А как мы, дети войны, ждали весны! Она у нас ассоциировалась с теплом, молоком, айраном и жуа - диким луком. Зимы в военные годы почему-то всегда были суровыми. Но какими бы они злыми ни были, первого марта (этот день, говорили нам в школе, считается первым днем весны), мы сбрасывали чокай, самодельные сапожки, и бегали босиком до первого снега.
 
В памяти до мельчайших подробностей остался день, когда мне пришлось ночевать в пустой холодной школе. После обеда неожиданно повалил снег. За другими ребятишками приехали верхом на осликах их дедушки, а за мной ехать было некому. Мать я вообще не видел, она с утра до поздней ночи работала в колхозе, дома оставалась Алтынгуль-апа, да что толку - ослика ведь у нас все равно не было.
 
Глиняный пол обжигал холодом.

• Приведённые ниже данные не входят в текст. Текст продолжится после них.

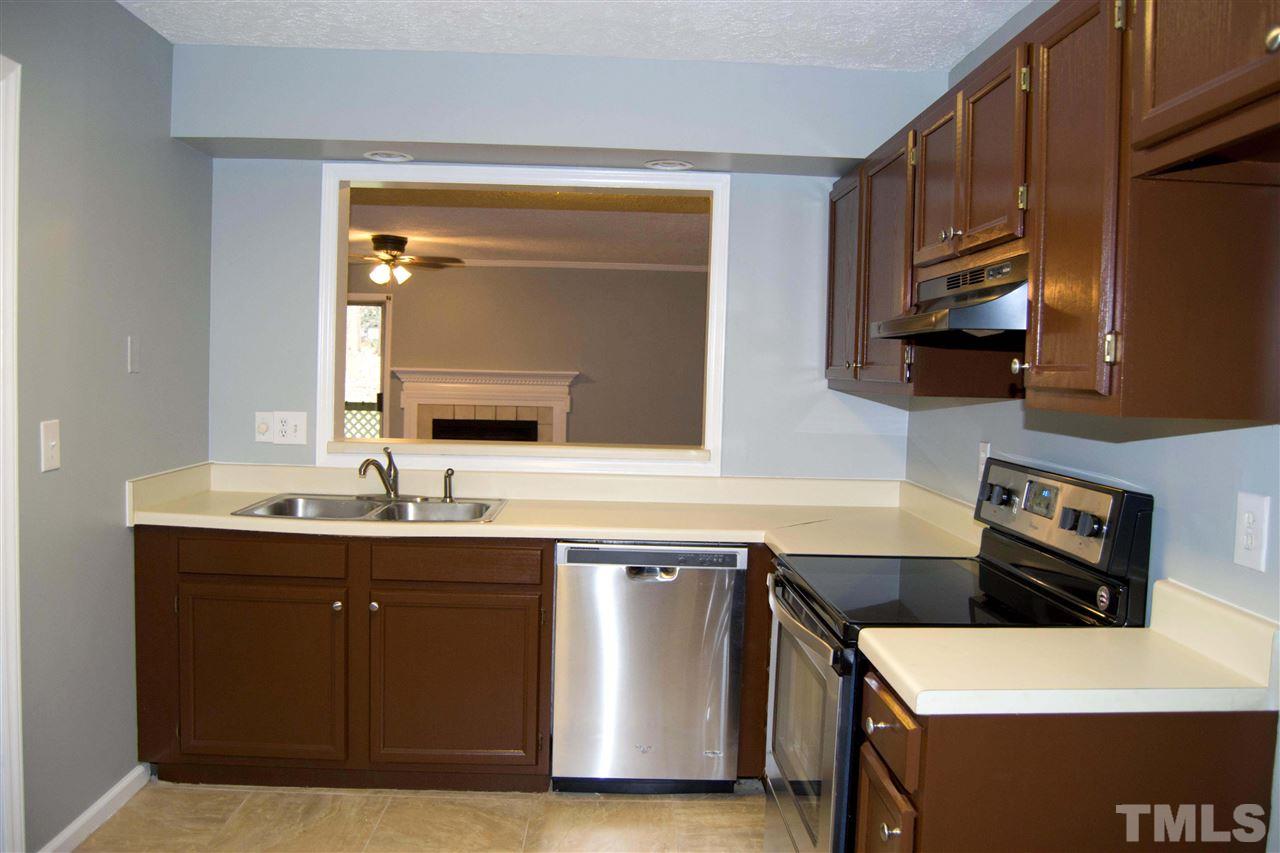 403 Broad Leaf Circle, Unit 403 Raleigh, NC 27613 - Photo 8 of 25 a kitchen with a sink and a stove top oven with wooden floor
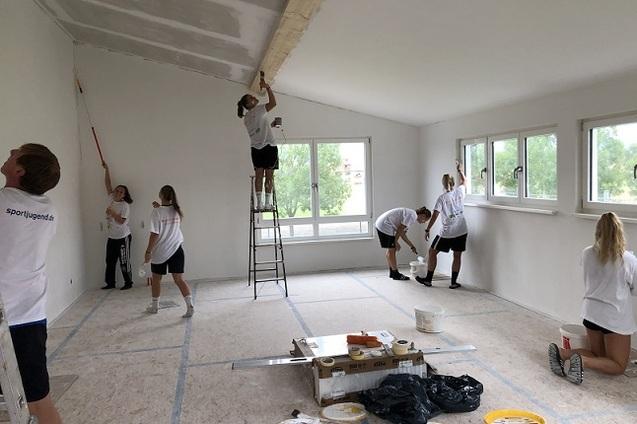 Gruppe von Jugendlichen beim Streichen eines Raums, einige nutzen eine Leiter, andere arbeiten am Boden mit Farbe.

Спасаясь от него, я с ногами забрался на парту и всю ночь не сомкнул глаз от страха: мне казалось, что по школе разгуливают шайтаны. В ту страшную ночь я, кажется, повзрослел на целую жизнь. За мной приехал под утро сосед - обе мои матери подняли в ауле тревогу. Что такое вообще колхоз? Это одна семья, все живущие там считают друг друга родственниками. Мы, дети, заигравшись, оставались ночевать в том доме, где заставала нас ночь.
 
В нашем ауле соблюдалась не социальная, а, я бы сказал, Божья справедливость. Да, бывало, люди не разговаривали друг с другом, рассорившись из-за какой-то ерунды, но бить лежачего - этого не было никогда. Пшеницу, помнится, в войну в первую очередь выдавали самым нуждающимся, и теми крохами, что имелись, мои односельчане делились с депортированными в наши края людьми. Таков был порядок, простой и непоколебимый.
 
Добрый свет моего аула до сих пор сопровождает меня. Он не давал мне, как говорят в народе, зажраться и забыть свои корни в самые-самые звездные годы моей актерской карьеры.
 
Сейчас там многое изменилось. Саманных домиков уже и не встретишь, нет и колодцев, из которых мы брали воду. Но если я вижу где-то полуразрушенную глиняную стену, то не могу удержаться, чтобы не подойти к ней, не посидеть на развалинах и не вспомнить былое. Знакомых лиц здесь тоже уже нет. Из товарищей моих детских игр в живых остался лишь один. Октябрь, так зовут его, и в детстве был очень добрым и бесхитростным малым, а сейчас, мне кажется, стал воплощением мудрости и человечности. Прошлым летом, когда я приезжал на родину на похороны одного из родичей, Октябрь отвел меня в сторону, чтобы спросить: «Это правда, что твоя жена беременна?». Получив утвердительный ответ, замахал руками:
 
- Все-все! Молчу и больше ничего не спрашиваю, а ты никому ничего не говори. Я буду молиться, чтобы малыш родился здоровым.
 
Мне было легко и просто с ним, звания и статус (Октябрь всю жизнь прожил в ауле, институтов не оканчивал, на пенсию вышел заведующим фермой) не играли никакой роли. Мне казалось, что передо мной не 70-летний старик, а тот самый мальчишка Октябрь, который умудрялся крохотный кусочек сахара или курта делить на весь класс.
 
...Меня часто спрашивают: не боюсь ли я старости? А мне нравится быть стариком, и если кто-то ненароком обращается ко мне как к «молодому человеку», это даже оскорбляет. Я уже не сыграю Козы-Корпеша, отошел от Кодара, сейчас приблизился к мудрости Карабая - отца Баян. Но коль все идет своим чередом, разве это плохо? Детство у меня не скажу, конечно, что было счастливым - все-таки оно пришлось на суровые военные времена, но зато насыщенносодержательным и даже, как мне кажется с высоты сегодняшних лет, романтичным. Я не был, повторюсь, обделен родительской любовью и вниманием, из детства вынес отменное здоровье. Задел на будущее, то есть юность, молодость и зрелые годы, благодаря такому детству тоже был хорошим. Теперь надо узнать, что такое старость. Сразу скажу: смерти я не боюсь, и туда, где меня ждут дорогие мне люди, хотелось бы прийти с улыбкой.